Cody Wills

Personal information
- Born: September 26, 1990 (age 35) Harrisburg, Pennsylvania, U.S.

Team information
- Discipline: Road

Medal record
Representing the United States
Road World Championships
| Bronze medal – third place | 2026 Huntsville | Road race H2 |
| Bronze medal – third place | 2026 Huntsville | Time trial H2 |

= Cody Wills =

American cyclist (born 1990)

Cody Wills (born September 26, 1990) is an American cyclist. He has won multiple medals in the UCI Para-cycling Road World Championships and competed in the 2024 Summer Paralympics.

==Early life==
Prior to his para-cycling career, Wills competed in the Pro-Am class of the ATV Motocross National Championship.

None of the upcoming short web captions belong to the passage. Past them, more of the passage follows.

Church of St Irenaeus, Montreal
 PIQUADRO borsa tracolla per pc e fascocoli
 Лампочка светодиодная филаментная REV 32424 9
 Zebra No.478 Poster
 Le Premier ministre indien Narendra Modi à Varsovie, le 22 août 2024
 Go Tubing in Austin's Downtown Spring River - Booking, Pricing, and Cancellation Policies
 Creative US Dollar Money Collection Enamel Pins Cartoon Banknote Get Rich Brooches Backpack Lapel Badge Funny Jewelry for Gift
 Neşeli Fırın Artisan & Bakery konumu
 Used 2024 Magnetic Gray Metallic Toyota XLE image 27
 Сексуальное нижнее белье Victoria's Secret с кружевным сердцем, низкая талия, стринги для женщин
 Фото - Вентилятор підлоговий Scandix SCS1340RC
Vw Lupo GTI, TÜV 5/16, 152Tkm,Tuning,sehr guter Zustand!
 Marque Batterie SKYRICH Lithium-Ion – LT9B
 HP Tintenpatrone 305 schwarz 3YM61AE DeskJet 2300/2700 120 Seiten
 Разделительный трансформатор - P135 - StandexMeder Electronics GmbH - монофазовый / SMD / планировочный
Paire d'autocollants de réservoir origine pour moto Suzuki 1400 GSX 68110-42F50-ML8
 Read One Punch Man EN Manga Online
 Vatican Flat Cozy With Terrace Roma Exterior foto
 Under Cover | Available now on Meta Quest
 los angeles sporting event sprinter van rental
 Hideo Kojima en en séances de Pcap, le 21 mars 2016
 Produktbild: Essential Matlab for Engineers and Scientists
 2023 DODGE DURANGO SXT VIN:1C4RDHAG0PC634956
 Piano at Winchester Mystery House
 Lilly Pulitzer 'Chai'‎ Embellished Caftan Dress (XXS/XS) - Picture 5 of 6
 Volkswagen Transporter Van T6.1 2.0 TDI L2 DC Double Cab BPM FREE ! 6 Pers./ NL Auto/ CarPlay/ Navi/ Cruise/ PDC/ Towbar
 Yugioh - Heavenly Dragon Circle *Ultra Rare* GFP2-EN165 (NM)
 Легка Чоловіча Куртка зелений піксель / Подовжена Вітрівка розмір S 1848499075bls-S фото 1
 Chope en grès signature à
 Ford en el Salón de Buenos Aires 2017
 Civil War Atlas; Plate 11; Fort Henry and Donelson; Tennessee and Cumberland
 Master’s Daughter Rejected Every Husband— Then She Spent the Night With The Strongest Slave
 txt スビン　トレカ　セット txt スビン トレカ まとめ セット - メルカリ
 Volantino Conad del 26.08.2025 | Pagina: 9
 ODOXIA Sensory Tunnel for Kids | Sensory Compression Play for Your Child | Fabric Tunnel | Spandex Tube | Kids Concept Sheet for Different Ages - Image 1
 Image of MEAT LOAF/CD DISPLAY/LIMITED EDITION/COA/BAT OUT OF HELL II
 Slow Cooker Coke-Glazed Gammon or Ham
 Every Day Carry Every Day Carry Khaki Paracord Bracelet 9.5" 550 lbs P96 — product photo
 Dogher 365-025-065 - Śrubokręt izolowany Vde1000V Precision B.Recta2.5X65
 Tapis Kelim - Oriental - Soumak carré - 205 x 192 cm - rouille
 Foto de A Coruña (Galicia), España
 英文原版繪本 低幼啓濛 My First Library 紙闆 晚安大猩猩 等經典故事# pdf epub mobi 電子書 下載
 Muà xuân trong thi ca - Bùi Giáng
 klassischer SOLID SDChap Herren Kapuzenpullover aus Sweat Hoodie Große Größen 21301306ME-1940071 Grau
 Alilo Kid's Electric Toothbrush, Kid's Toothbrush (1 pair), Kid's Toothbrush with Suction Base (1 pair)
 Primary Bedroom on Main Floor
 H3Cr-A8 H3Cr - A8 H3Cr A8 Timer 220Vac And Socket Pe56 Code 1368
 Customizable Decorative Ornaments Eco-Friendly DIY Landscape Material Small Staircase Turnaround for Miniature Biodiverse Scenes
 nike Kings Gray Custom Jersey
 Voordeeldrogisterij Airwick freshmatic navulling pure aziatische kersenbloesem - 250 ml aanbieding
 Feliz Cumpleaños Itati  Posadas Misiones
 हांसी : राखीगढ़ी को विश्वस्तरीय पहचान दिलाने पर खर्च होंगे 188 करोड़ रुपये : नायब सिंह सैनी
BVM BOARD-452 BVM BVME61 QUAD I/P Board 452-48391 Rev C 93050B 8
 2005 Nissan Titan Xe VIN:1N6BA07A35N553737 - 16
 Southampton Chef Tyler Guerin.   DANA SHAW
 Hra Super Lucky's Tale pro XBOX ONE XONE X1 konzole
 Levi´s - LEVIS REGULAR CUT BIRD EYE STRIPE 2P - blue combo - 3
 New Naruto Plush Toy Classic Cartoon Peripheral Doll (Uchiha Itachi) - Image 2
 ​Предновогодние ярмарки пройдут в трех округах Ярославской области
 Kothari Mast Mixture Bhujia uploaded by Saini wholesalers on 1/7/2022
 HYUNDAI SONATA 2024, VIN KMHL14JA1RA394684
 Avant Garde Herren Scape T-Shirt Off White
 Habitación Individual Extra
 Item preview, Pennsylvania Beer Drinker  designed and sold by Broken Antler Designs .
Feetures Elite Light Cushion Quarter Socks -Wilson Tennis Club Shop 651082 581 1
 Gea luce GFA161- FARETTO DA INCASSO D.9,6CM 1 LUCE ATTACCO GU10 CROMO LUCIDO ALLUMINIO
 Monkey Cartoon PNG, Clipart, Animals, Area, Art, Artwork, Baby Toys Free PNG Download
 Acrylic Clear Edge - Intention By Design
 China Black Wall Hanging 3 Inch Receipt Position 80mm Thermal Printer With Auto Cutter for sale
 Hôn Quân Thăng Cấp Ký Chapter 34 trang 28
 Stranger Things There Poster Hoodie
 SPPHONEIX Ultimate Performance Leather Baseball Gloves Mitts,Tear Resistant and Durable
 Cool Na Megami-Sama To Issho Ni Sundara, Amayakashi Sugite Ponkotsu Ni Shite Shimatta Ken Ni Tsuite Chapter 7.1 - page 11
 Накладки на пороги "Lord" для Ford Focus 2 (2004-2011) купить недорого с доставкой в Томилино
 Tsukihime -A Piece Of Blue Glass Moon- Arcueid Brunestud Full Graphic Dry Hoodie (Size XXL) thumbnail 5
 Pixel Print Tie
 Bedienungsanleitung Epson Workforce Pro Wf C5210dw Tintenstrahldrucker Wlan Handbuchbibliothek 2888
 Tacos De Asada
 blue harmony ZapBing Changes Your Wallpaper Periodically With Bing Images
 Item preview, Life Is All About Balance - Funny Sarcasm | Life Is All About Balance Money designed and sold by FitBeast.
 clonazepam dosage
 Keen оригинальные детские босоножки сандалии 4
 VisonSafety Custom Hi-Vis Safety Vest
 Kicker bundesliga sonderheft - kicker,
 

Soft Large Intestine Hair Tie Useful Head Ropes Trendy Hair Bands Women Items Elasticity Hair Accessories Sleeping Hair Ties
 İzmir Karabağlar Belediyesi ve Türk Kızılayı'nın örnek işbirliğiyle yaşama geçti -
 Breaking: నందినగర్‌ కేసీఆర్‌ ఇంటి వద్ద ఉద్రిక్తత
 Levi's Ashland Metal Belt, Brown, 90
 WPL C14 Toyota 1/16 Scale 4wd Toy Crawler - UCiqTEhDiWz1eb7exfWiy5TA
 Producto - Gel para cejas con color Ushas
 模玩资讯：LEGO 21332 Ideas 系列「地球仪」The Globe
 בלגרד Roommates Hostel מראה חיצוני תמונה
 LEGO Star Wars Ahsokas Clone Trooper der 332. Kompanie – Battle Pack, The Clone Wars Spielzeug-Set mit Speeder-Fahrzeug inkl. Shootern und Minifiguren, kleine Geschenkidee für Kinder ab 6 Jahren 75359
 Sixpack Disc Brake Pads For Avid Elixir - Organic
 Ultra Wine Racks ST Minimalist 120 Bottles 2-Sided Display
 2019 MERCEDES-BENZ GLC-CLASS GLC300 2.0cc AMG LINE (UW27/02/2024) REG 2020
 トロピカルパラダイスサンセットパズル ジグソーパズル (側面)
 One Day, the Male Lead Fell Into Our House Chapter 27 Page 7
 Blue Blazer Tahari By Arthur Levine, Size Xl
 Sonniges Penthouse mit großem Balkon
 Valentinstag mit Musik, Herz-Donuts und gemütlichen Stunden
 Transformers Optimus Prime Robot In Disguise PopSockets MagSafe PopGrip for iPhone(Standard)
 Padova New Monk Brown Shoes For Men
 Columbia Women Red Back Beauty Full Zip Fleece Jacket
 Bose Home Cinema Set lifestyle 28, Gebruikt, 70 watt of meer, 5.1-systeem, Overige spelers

This ended on February 19, 2011 at a Motorama 2011 qualifying race, where he crashed his ATV and landed on his head, fracturing his C6 vertebra and spinal cord in the process. This event also left him paralyzed.

==Career==
In August 2023, Wills competed in the Road National Championships, where he won the road race and time trials in the H2 category, after he which took part in the Road World Championships the following month.

Wills competed at the 2024 Summer Paralympics in the road time trial H2 and race H1–2 events, finishing in sixth and fifth place respectively. He competed at the 2025 Road World Championships held in Ronse, Belgium, where he competed in the H2 road race and team relay, finishing in fifth place in both races.

In June 2026, Wills was named to the US squad for the 2026 Road World Championships held in Huntsville, Alabama. He competed there, where he won a bronze medal in both the H2 time trial and road race, which were his first medals in the championships.